*** Dataset excerpt ***
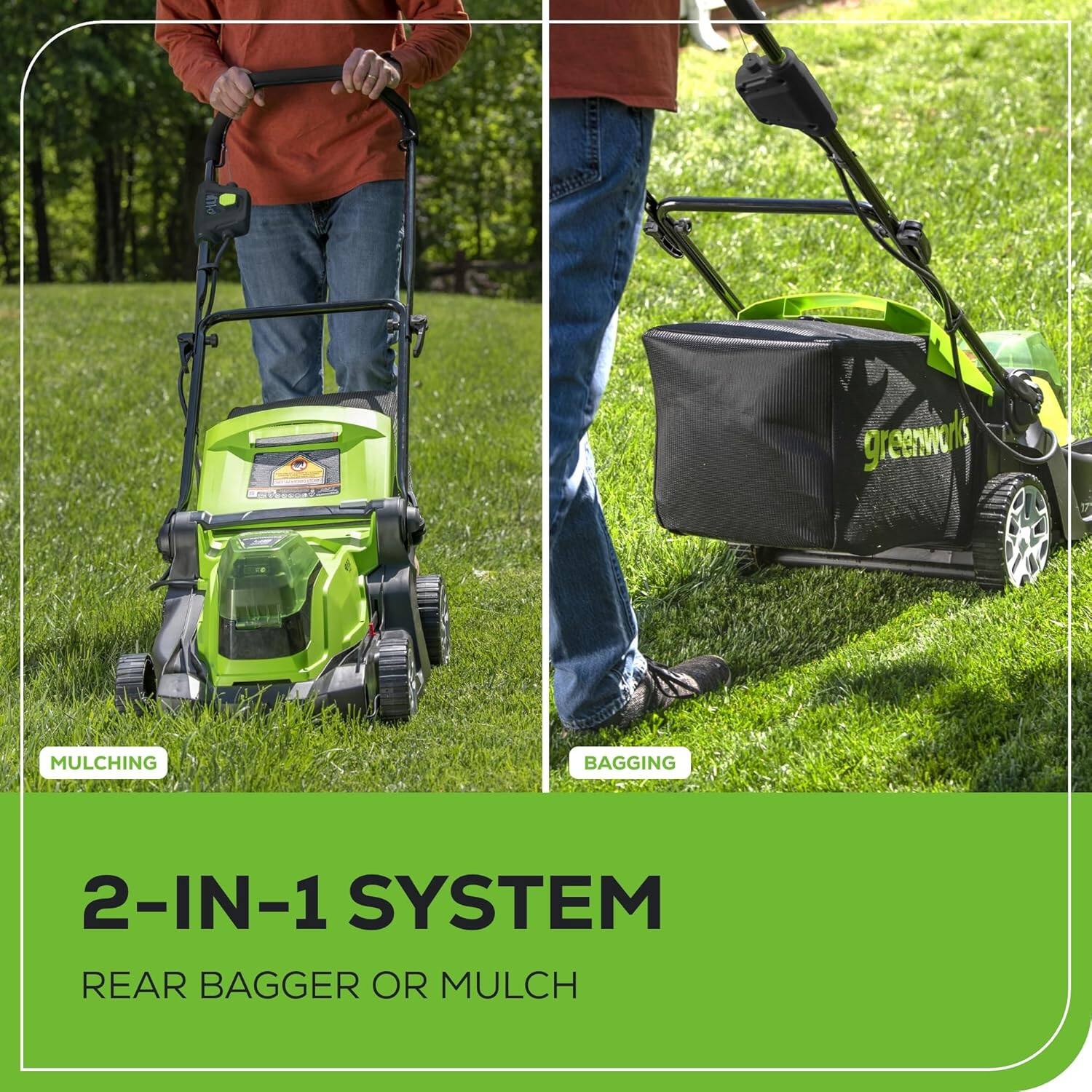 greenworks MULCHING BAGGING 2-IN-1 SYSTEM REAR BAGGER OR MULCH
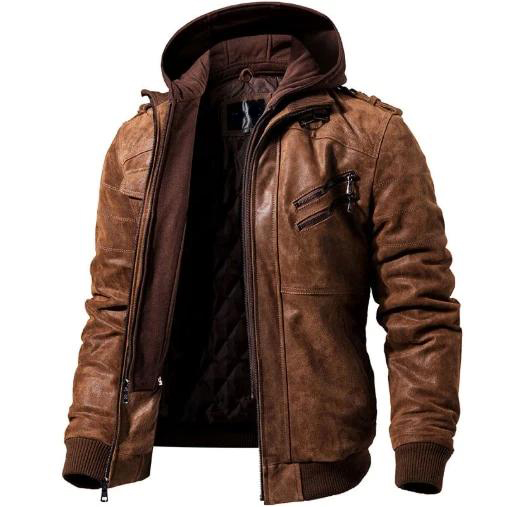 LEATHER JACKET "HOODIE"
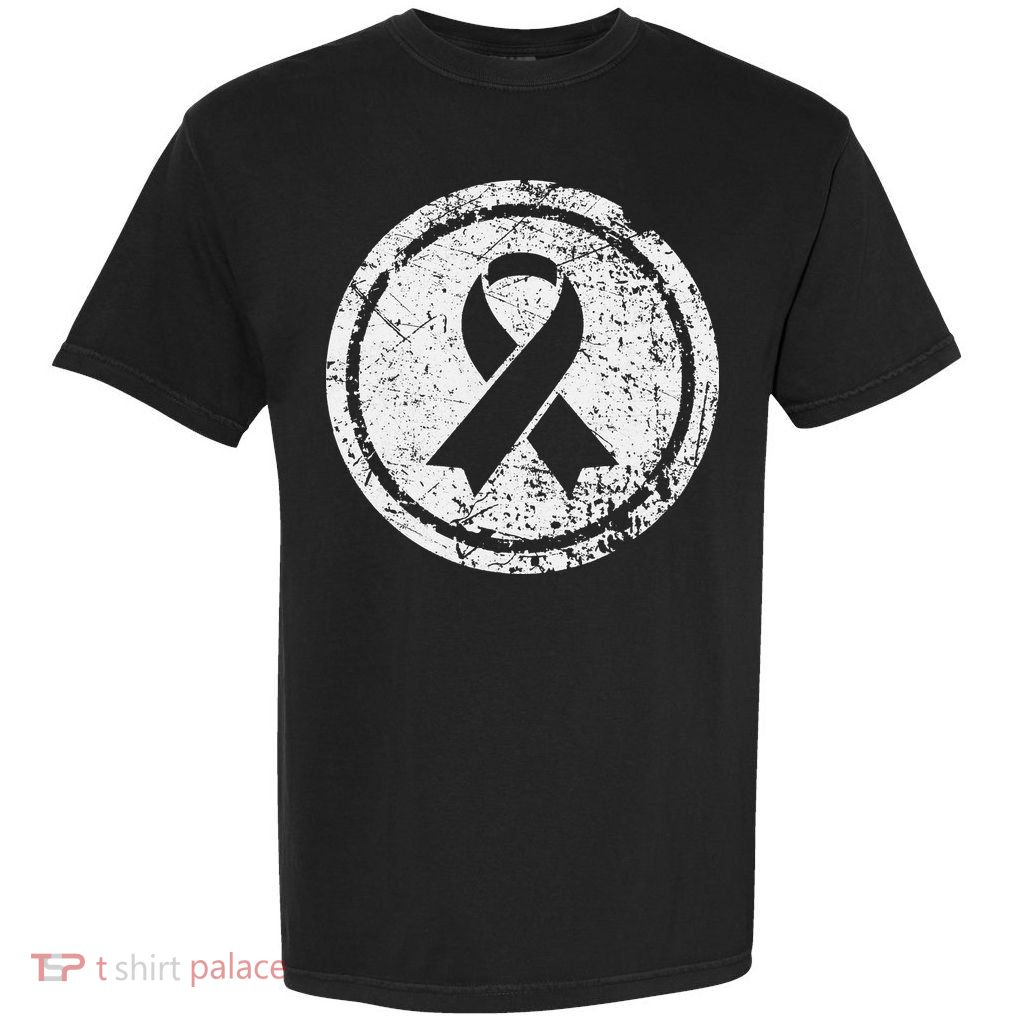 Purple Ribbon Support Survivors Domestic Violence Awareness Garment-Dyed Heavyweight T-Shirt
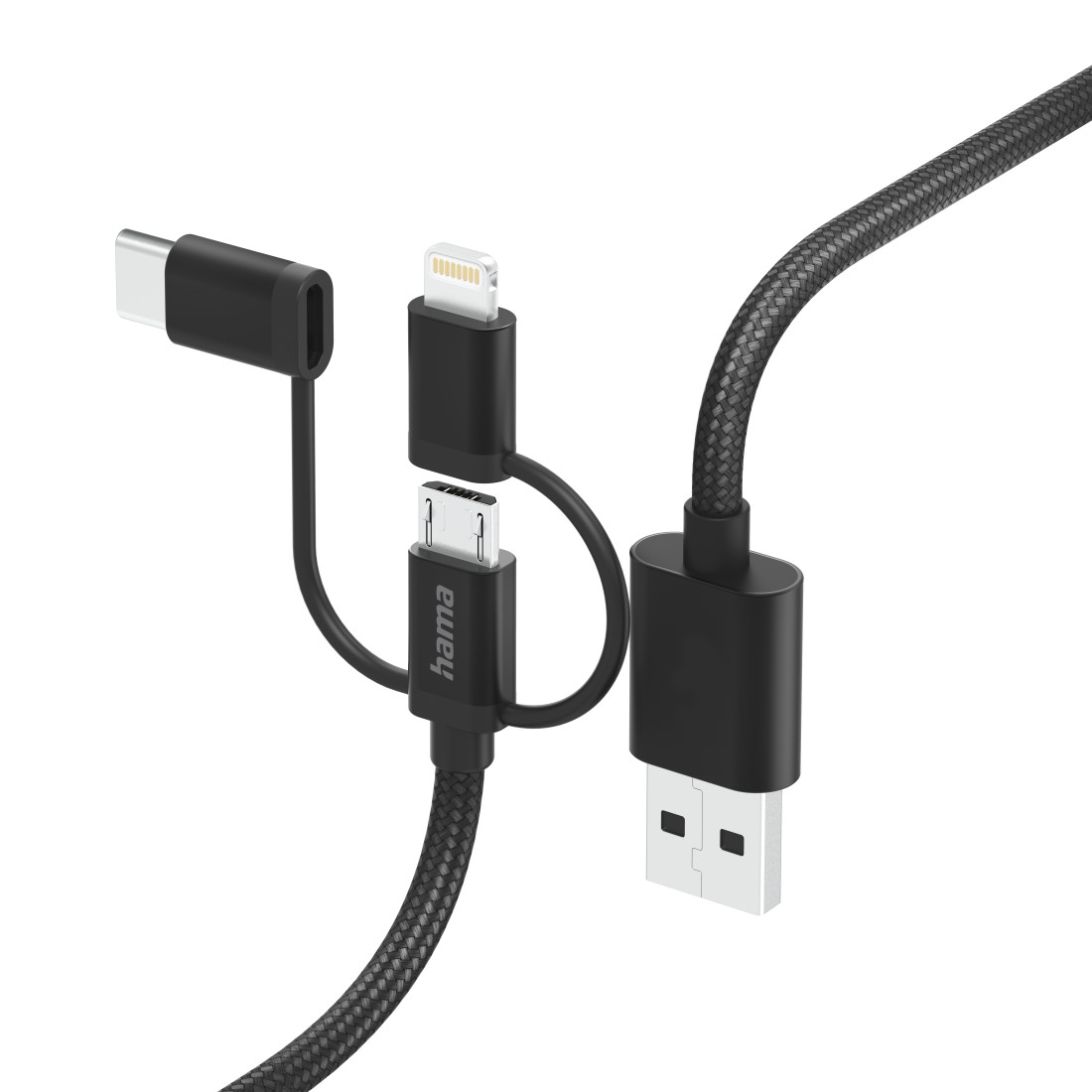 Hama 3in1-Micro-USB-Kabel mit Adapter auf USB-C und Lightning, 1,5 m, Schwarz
***
_Your assignment:_ Write out the whole listing exactly. Pictures stay out.

_Result:_
 greenworks MULCHING BAGGING 2-IN-1 SYSTEM REAR BAGGER OR MULCH
 LEATHER JACKET "HOODIE"
 Purple Ribbon Support Survivors Domestic Violence Awareness Garment-Dyed Heavyweight T-Shirt
 Hama 3in1-Micro-USB-Kabel mit Adapter auf USB-C und Lightning, 1,5 m, Schwarz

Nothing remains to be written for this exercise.